◆ **TASK DESCRIPTION**
In the records below, find the line with "Cleansing Lapis Lazuli" and repeat exactly every line from it through the line with "World Unity XXL". Pictures stay out.

◆ **DATA**
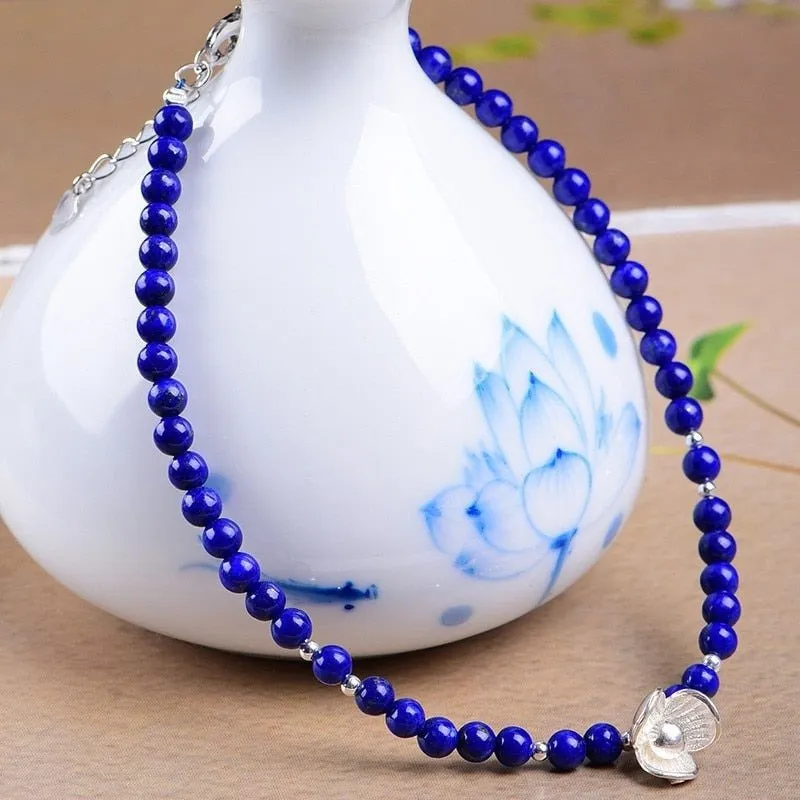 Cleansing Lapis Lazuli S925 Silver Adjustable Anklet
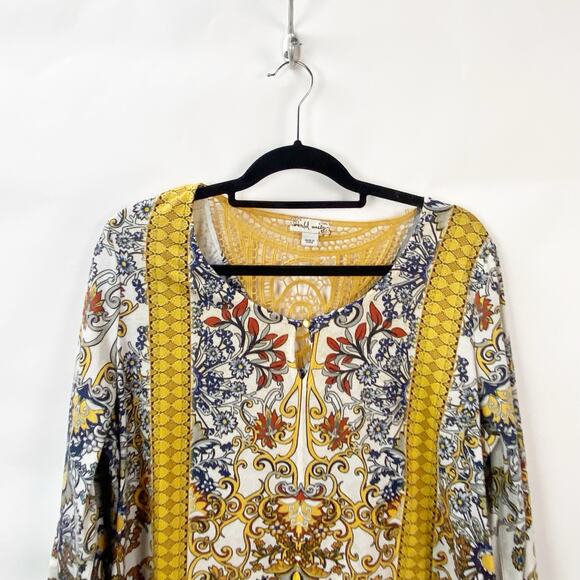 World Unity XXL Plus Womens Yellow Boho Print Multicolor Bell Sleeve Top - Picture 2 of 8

==

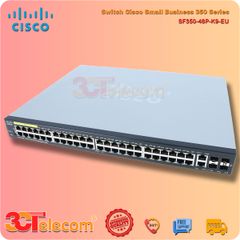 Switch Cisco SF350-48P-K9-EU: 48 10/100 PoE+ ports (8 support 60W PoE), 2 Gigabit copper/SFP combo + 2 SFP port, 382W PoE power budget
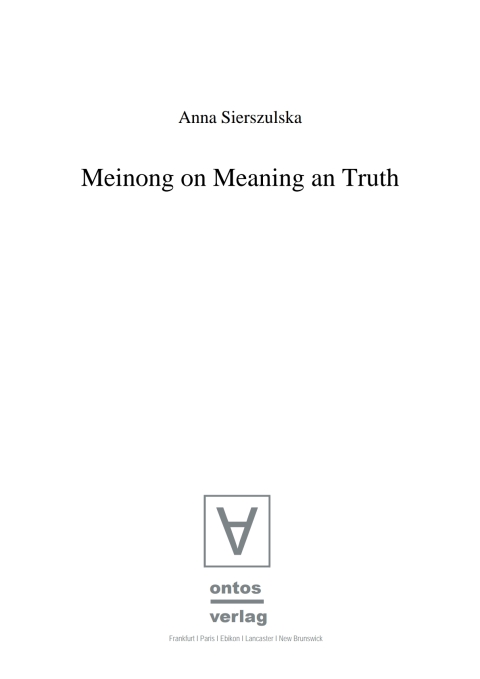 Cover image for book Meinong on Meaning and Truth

==

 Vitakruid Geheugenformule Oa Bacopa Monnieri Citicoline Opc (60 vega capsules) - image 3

◆ **SOLUTION**
 Cleansing Lapis Lazuli S925 Silver Adjustable Anklet
 World Unity XXL Plus Womens Yellow Boho Print Multicolor Bell Sleeve Top - Picture 2 of 8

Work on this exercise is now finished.